• _EXERCISE REQUIREMENTS_:
Exact copy, no pictures: return all the data below as written.

(Data excerpts)
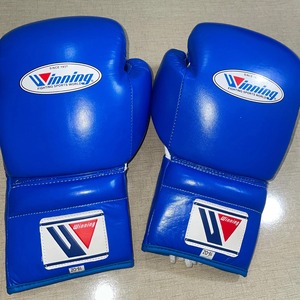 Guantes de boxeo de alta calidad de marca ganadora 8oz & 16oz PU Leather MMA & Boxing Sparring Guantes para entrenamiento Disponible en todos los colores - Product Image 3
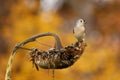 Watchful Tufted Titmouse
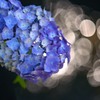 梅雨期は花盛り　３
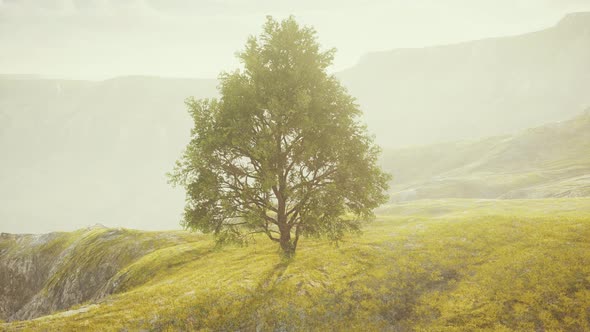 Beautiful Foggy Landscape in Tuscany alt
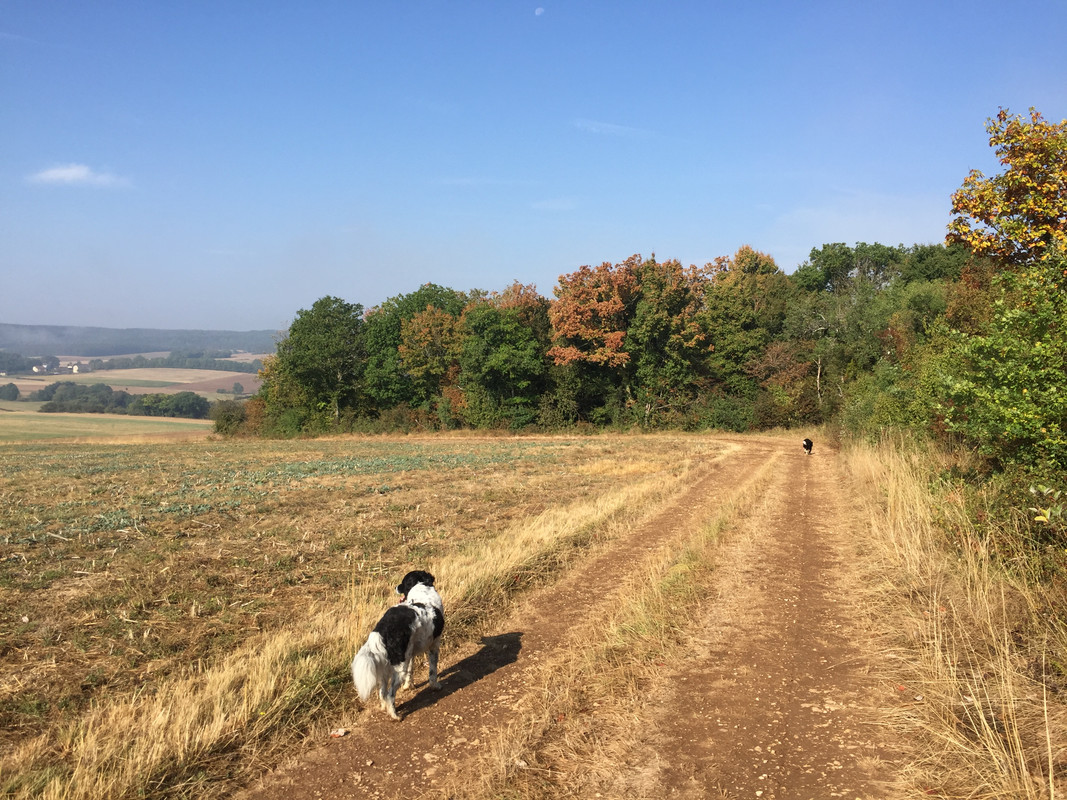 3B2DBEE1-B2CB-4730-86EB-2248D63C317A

• _REPLY TO THE TASK_:
 Guantes de boxeo de alta calidad de marca ganadora 8oz & 16oz PU Leather MMA & Boxing Sparring Guantes para entrenamiento Disponible en todos los colores - Product Image 3
 Watchful Tufted Titmouse
 梅雨期は花盛り　３
 Beautiful Foggy Landscape in Tuscany alt
 3B2DBEE1-B2CB-4730-86EB-2248D63C317A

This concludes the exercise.